(Task statement):
Every record below must be retyped exactly, with the pictures left out.

(Source records):
------------------------------

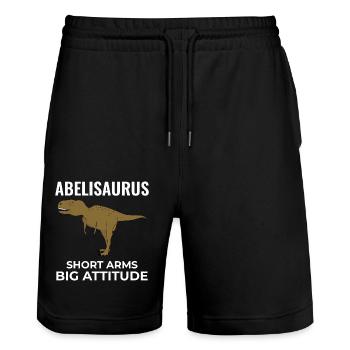 Abelisaurus Dinosaur Dino Paleontologist Fossil - Stanley/Stella Trainer Unisex Organic Jogging Shorts - black - Front - Nik (191cm) & Marisol (170cm)
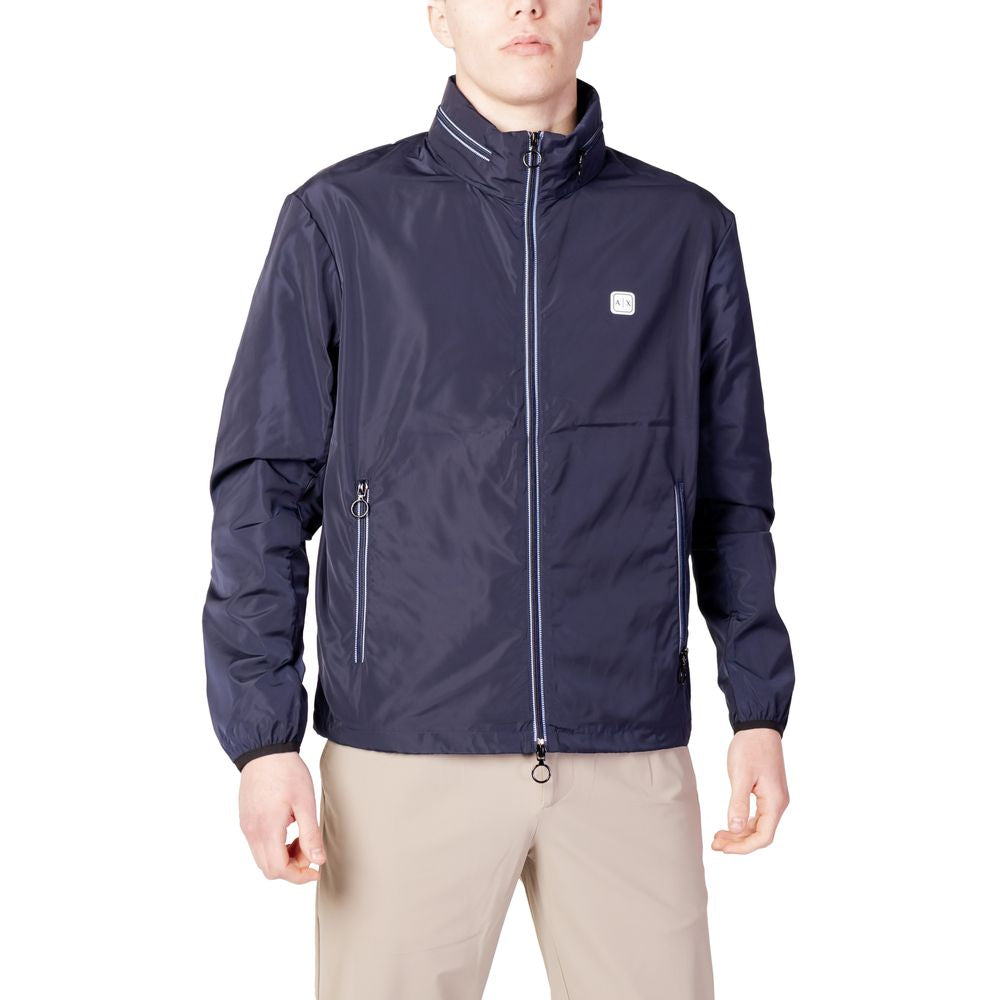 Armani Exchange Blue Polyester Shell Jacket 1728,71956299936,Armani Exchange,Blue,Clothing,IT46 | M,IT48 | L,IT54 | XXL,Jackets & Coats - Clothing,Men,New with tags,Shell Jackets - Jackets & Coats - Clothing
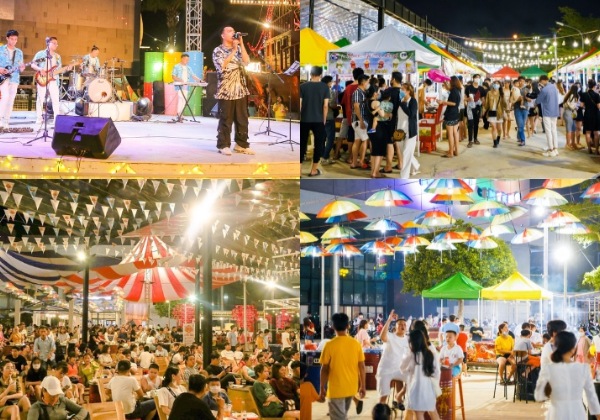 Kh&ocirc;ng gian ẩm thực rực rỡ &aacute;nh đ&egrave;n v&agrave; tấp nập thực kh&aacute;ch tại chợ đ&ecirc;m Helio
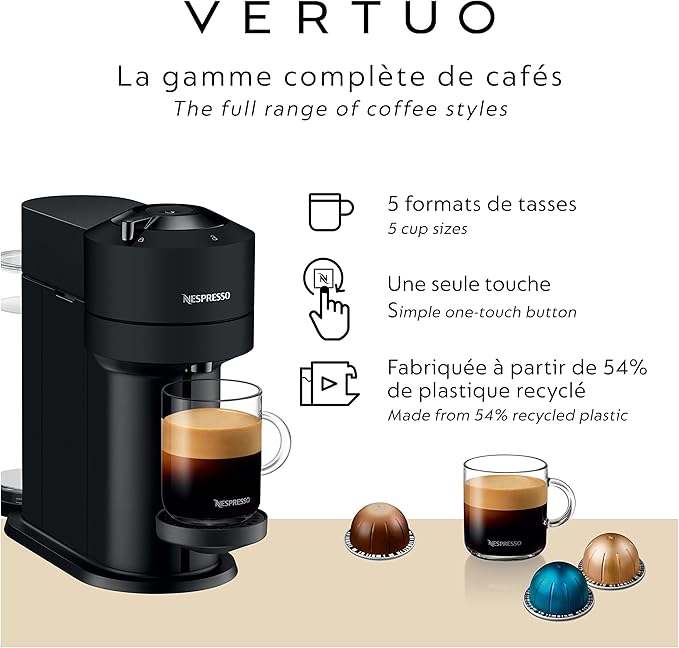 Nespresso Vertuo Next Coffee and Espresso Machine by De'Longhi Matte Black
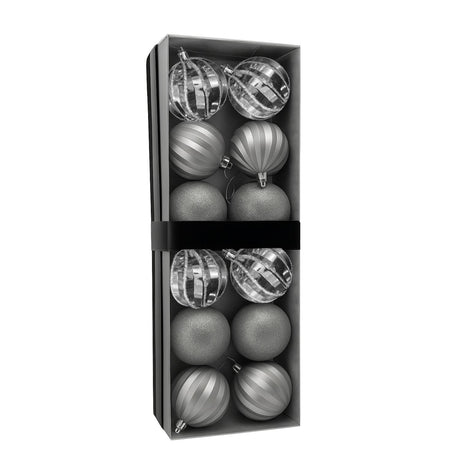 12 Bambalinas Esferas Navideñas Plateado Decoracion Navidad. Añade un toque elegante a tu árbol. ¡Compra ahora y transforma tu hogar estas fiestas!-1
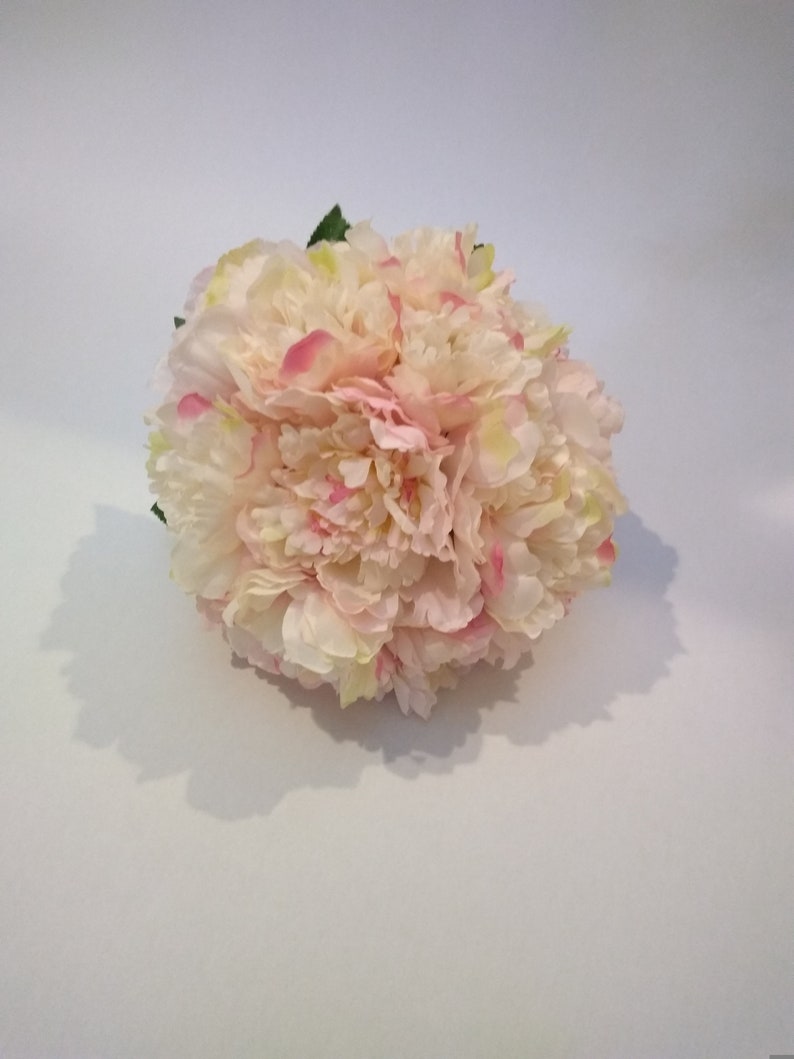 Pink peony bridal bouquet with rhinestone handle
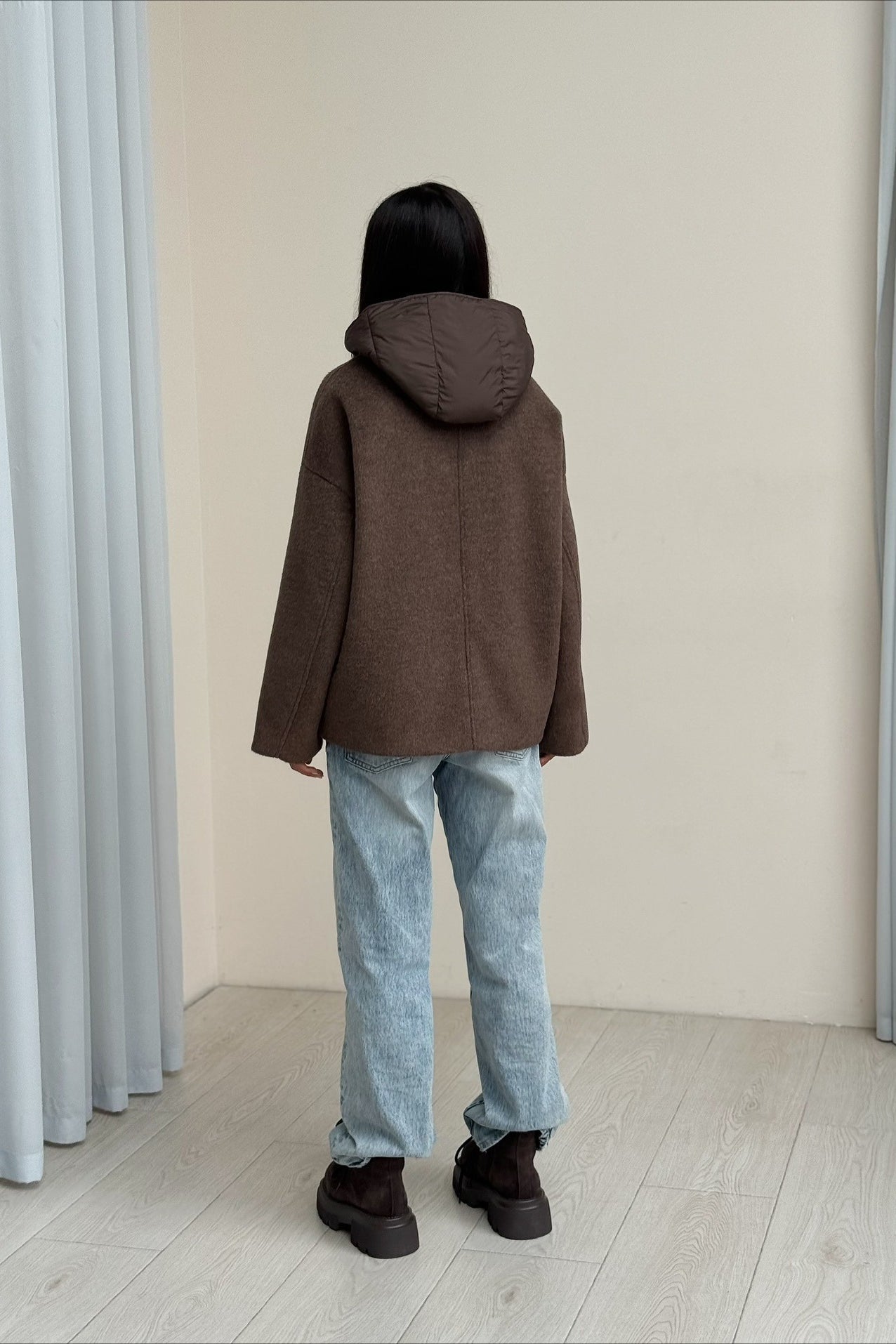 Notch Lapel Relaxed Fit Wool Blend Coat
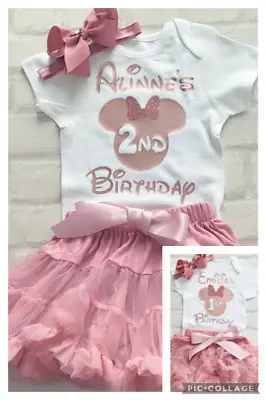 Girls 1st 2nd 3rd 4th 5th 6th Birthday Minnie Outfit Tutu Personalised Rose Gold • £10.99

------------------------------

(Answer to the exercise):
 Abelisaurus Dinosaur Dino Paleontologist Fossil - Stanley/Stella Trainer Unisex Organic Jogging Shorts - black - Front - Nik (191cm) & Marisol (170cm)
 Armani Exchange Blue Polyester Shell Jacket 1728,71956299936,Armani Exchange,Blue,Clothing,IT46 | M,IT48 | L,IT54 | XXL,Jackets & Coats - Clothing,Men,New with tags,Shell Jackets - Jackets & Coats - Clothing
 Kh&ocirc;ng gian ẩm thực rực rỡ &aacute;nh đ&egrave;n v&agrave; tấp nập thực kh&aacute;ch tại chợ đ&ecirc;m Helio
 Nespresso Vertuo Next Coffee and Espresso Machine by De'Longhi Matte Black
 12 Bambalinas Esferas Navideñas Plateado Decoracion Navidad. Añade un toque elegante a tu árbol. ¡Compra ahora y transforma tu hogar estas fiestas!-1
 Pink peony bridal bouquet with rhinestone handle
 Notch Lapel Relaxed Fit Wool Blend Coat
 Girls 1st 2nd 3rd 4th 5th 6th Birthday Minnie Outfit Tutu Personalised Rose Gold • £10.99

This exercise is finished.